Back to solving our problem

We will define and register a custom-resource of type Mysql with our cluster. This custom-resource will allow us to define a database with set CPU, memory, and storage resources. Also, like all other Kubernetes resources types, there will be a place to store the current status in the custom-resource. We will also need to create a controller which uses the Kubernetes Client machinery to implement the Kubernetes controller pattern so it can handle the lifecycle of Mysql resources.

We will not be producing a production grade MySQL controller/operator. It will be missing a lot of features which for example MySQL Operator for kubernetes or VMware Tanzu SQL with MySQL for Kubernetes provide. Those features include ability to have read replicas, perform automated backups, provide seamless version upgrades, etc. Instead, our goal is to showcase how to write a controller using Kubernetes Client for Java and spring-boot which does something useful.

Our Mysql CRD is defined as:

apiVersion: apiextensions.k8s.io/v1
kind: CustomResourceDefinition
metadata:
  name: mysqls.fnjoin.com
spec:
  scope: Namespaced
  group: fnjoin.com
  names:
    plural: mysqls
    singular: mysql
    kind: Mysql
  versions:
    - name: v1
      served: true
      storage: true
      schema:
        openAPIV3Schema:
          type: object
          properties:
            spec:
              type: object
              properties:
                cpu:
                  type: string
                memory:
                  type: string
                storage:
                  type: string
            status:
              type: object
              properties:
                ready:
                  type: boolean
                conditions:
                  type: array
                  items:
                    type: object
                    properties:
                      type:
                        type: string
                      status:
                        type: string
                      lastTransitionTime:
                        type: string
                        format: date-time
      additionalPrinterColumns:
        - name: storage
          type: string
          jsonPath: .spec.storage
          description: Storage capacity allocated
        - name: memory
          type: string
          jsonPath: .spec.memory
          description: Memory allocated
        - name: cpu
          type: string
          jsonPath: .spec.cpu
          description: CPU millis allocated
        - name: ready
          type: string
          jsonPath: .status.ready
          description: Is MySql resource ready

In addition to what is described above, our resource will also include a metadata section. The metadata section is inherited by all Kubernetes resources, it has a standard structure, and we don’t need to define it in our CRD. With this CRD applied to the cluster, we can define a Mysql resource like:

apiVersion: fnjoin.com/v1
kind: Mysql
metadata:
  name: db-1
spec:
  storage: 256Mi
  memory: 128Mi
  cpu: 250m

Notice that our CRD defined a status section but we didn’t set any status details ourselves when creating a Mysql resource. Maintaining the status section of a resource is one of the main things a controller takes care of. Our controller will also do that. The other thing that our controller needs to do is to create and maintain child resources when needed.
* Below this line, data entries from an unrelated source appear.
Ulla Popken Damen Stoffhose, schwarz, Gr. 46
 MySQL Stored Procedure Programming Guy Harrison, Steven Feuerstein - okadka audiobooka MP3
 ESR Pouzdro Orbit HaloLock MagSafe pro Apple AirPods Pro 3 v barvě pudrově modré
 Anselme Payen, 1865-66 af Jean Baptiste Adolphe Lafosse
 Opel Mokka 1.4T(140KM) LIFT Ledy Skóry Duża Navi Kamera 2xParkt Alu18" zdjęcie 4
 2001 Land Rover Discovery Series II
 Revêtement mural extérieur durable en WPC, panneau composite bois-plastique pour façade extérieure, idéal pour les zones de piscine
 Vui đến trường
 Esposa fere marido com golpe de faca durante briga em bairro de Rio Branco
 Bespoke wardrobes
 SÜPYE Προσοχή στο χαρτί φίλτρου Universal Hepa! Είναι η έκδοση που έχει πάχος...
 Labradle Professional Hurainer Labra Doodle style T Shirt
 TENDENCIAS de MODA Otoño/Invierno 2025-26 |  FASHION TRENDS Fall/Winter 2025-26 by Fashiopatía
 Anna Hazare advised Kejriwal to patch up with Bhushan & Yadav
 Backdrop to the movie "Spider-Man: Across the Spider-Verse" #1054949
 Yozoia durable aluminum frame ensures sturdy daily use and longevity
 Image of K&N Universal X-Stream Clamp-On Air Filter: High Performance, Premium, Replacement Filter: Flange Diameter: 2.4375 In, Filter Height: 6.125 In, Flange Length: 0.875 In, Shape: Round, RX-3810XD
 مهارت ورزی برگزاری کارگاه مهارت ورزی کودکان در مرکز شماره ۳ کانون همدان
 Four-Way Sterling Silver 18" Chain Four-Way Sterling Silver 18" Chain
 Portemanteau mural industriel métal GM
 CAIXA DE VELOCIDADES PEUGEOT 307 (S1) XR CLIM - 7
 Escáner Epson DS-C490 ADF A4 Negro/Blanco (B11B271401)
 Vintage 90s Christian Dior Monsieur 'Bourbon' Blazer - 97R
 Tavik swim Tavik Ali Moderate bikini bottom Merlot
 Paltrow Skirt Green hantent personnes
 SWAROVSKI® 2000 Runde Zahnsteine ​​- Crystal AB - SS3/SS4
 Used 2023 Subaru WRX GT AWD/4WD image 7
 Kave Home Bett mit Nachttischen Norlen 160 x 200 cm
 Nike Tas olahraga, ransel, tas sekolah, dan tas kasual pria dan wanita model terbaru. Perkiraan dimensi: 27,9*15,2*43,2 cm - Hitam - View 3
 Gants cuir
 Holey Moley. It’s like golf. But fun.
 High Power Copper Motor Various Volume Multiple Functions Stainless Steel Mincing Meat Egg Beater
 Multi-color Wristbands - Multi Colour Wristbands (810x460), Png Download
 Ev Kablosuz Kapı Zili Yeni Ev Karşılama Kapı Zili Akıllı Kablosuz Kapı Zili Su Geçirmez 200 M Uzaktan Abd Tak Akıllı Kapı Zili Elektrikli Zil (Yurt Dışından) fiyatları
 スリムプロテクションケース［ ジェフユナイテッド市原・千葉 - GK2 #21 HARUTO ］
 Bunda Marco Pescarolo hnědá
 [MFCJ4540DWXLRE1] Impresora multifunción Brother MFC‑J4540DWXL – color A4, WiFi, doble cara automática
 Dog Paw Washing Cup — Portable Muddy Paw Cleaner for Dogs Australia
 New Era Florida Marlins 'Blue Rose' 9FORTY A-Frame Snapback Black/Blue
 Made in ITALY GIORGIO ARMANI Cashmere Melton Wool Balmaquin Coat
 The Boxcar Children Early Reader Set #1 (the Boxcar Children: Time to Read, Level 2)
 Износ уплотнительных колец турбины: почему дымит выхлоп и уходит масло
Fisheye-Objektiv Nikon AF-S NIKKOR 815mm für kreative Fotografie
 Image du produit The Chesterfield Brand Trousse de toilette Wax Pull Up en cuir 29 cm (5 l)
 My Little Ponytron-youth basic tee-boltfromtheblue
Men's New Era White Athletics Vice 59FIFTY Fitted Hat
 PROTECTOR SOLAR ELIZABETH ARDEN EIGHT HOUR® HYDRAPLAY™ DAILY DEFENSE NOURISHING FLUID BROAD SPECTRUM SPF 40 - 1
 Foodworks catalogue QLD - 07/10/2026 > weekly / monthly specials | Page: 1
Before we look into what goes inside the controller, lets visualize how our controller will interact with other components in the Kubernetes cluster, see the following diagram:

Kubernetes Server Components Overview

Kubernetes Client machinery involved

What goes into creating the controller? We already know about the Informer and the associated Indexer objects from our previous post. Once setup, these objects listen to incoming API events when the Kubernetes API server adds, deletes, or changes any resources we are interested in. In addition, we will now introduce WorkQueue, Reconciler, and Controller objects.

The WorkQueue object acts as the recipient of events coming from the Informer. The WorkQueue intentionally loses all details from the events it recieves and converts them into Request objects which only have two attributes: namespace and name. This allows the WorkQueue to also apply rate-limiting logic to squash multiple events refering to the same entity as one.

An interesting thing to note is that Kubernetes team publishes client libraries in multiple languages and use the same terms in all of the libraries. So for example, a WorkQueue works the same way no matter which language client library you use.

The Reconciler then uses the WorkQueue as its input and tries to reconcile the world everytime it gets a Request from the WorkQueue.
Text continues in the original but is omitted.